Corridors opened right and left out of the hall, and Lance cautiously explored them. On the left-hand side he softly opened several doors, only to get a glimpse in each case of big formal rooms filled with shrouded furniture. On the other side of the house, the same.

He started up the stairs a step at a time, gun in hand. Always peering and listening. He couldn't understand why Beardmore should keep himself so quiet. The house was his; or at any rate he possessed a key to it. But the silence and darkness were those of the grave.

On the next floor there were likewise long corridors on the right and the left. Lance went up the right-hand branch of the stairs. On this side nothing. He passed around the gallery, and as he looked into the corridor on the other side, he stiffened. Under the first door on the left showed a crack of light.

His first feeling was one of relief. Light suggested everything that was normal and living and human, and nightmare terrors evaporated. Jim Beardmore was behind that door. Lance smiled grimly and approached it.

For a moment he paused outside, debating the best way to act. The most direct way was surely the best. He suddenly turned the handle with his left hand, and stepped over the threshold with his gun ready.

A long room ending in a bay at the far end; a library lined with books. Brightly lighted. It contained only a few comfortable pieces of furniture covered with dust-cloths. And Beardmore was there. He sat in a chair at the other end near the windows, his back turned to Lance. Not wanting to shoot him in the back. Lance spoke brusquely.

"Beardmore!"

The man never moved, and in that instant Lance realized that he was dead.

The young man's eyes goggled with horror, his pistol hand shook like a leaf, a fine sweat broke out on his forehead. He had entered the house not more than three minutes after Beardmore, yet in so short a time the deed was done! Quick work! The murderer could not be far away. Still in the room, perhaps. Lance's eyes darted, looking for possible hiding-places. The room had no other door but the one he had entered by. He closed it to guard against surprise from that side. In a moment he had got a grip on himself. The murderer was not in the room. Lance approached the body. All his feeling of enmity left him. Beardmore's head had fallen a little forward and to one side, as if he had dropped into a doze. The hues of life had not yet faded from his coarse face.
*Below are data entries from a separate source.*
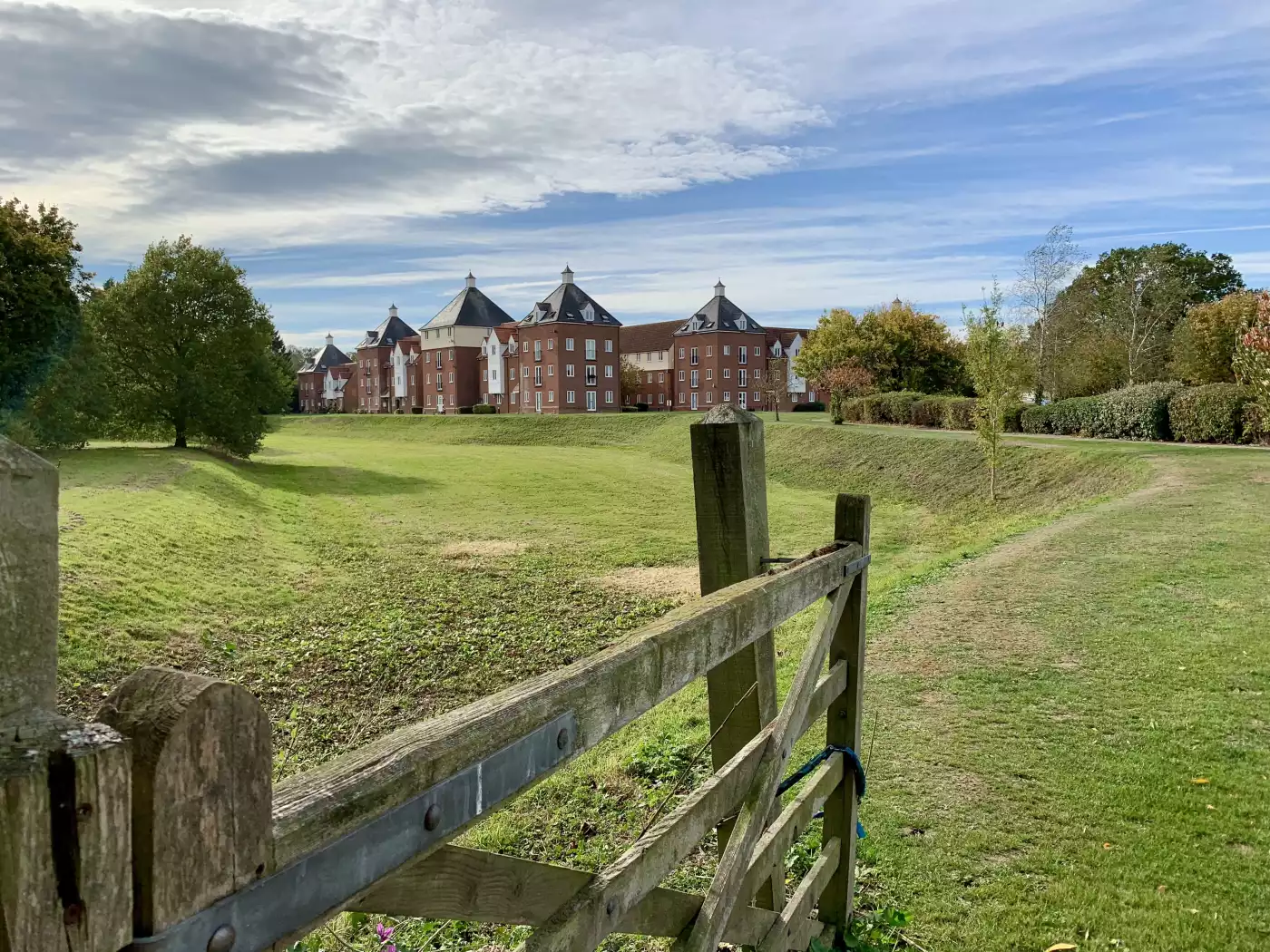 A peaceful green landscape with a wooden gate in the foreground, leading toward a complex of red-bri...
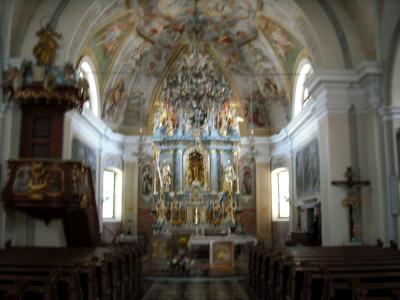 The interior of a Baroque church showing a highly ornate golden altar, a painted vaulted ceiling, a wooden pulpit on the left, and rows of pews.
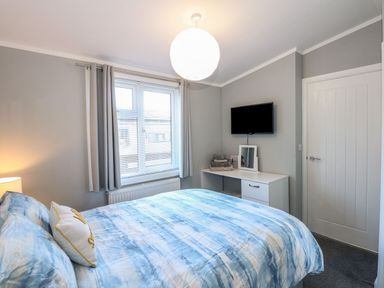 A bedroom with a bed a window a desk a mirror a television and folded towels at Lake View Lodge in Tallington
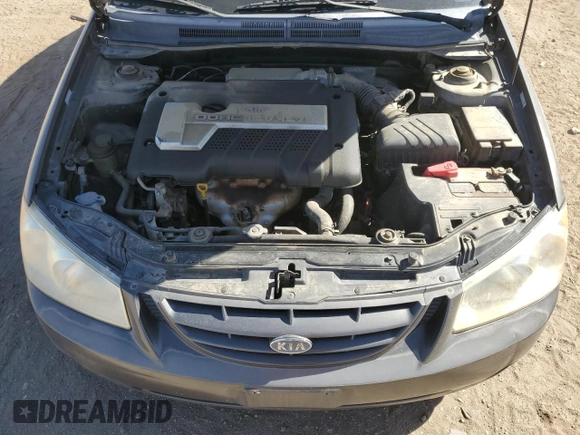 2006 Kia Spectra EX with VIN KNAFE122X65277053, listed as a Copart auction lot 75697314 with 147,156 mi miles and Salvage Title. Bid and sale history available at carsss.com. Image 12.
A gun was lying on the floor at his feet. Lance took note of powder burns on the breast of his coat, and for a moment he thought it a case of suicide. But the ridiculous luncheon-basket lying on a table near by gave the lie to that. No! Somebody else had done Lance's work for him. He dropped his gun in his pocket. Meanwhile a dark wet stain was spreading through the breast of Beardmore's jacket.

Lance suddenly bethought himself of his own hazardous situation; he looked around him nervously. Where was the murderer? Had they passed each other silently in the dark house? How to get out, himself, now? Was the other lying in wait for him in the corridor?

As he glanced towards the door of the room he suddenly congealed into ice. The handle was slowly turning. He drew his gun and instinctively dropped on one knee, partly covered by the table. The door opened, slowly, slowly, just an inch or two. Lance waited.

It opened no farther. A man's hand appeared around the edge of the door—a hand in a brown glove, the cuff of a gray homespun suit showing above. He was fumbling for the key. Lance suddenly understood his intention and leaped to his feet with a shout. He ran for the door, but the room was long. The hand pulled the key out and slammed the door. Lance fired a shot through the door. It was no good; the key had turned.